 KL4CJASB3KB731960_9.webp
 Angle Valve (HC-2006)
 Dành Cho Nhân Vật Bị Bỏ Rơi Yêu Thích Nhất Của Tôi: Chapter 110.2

--- Brief ---
Repeat the material in full. Change nothing.

--- Answer to this problem ---
 KL4CJASB3KB731960_9.webp
 Angle Valve (HC-2006)
 Dành Cho Nhân Vật Bị Bỏ Rơi Yêu Thích Nhất Của Tôi: Chapter 110.2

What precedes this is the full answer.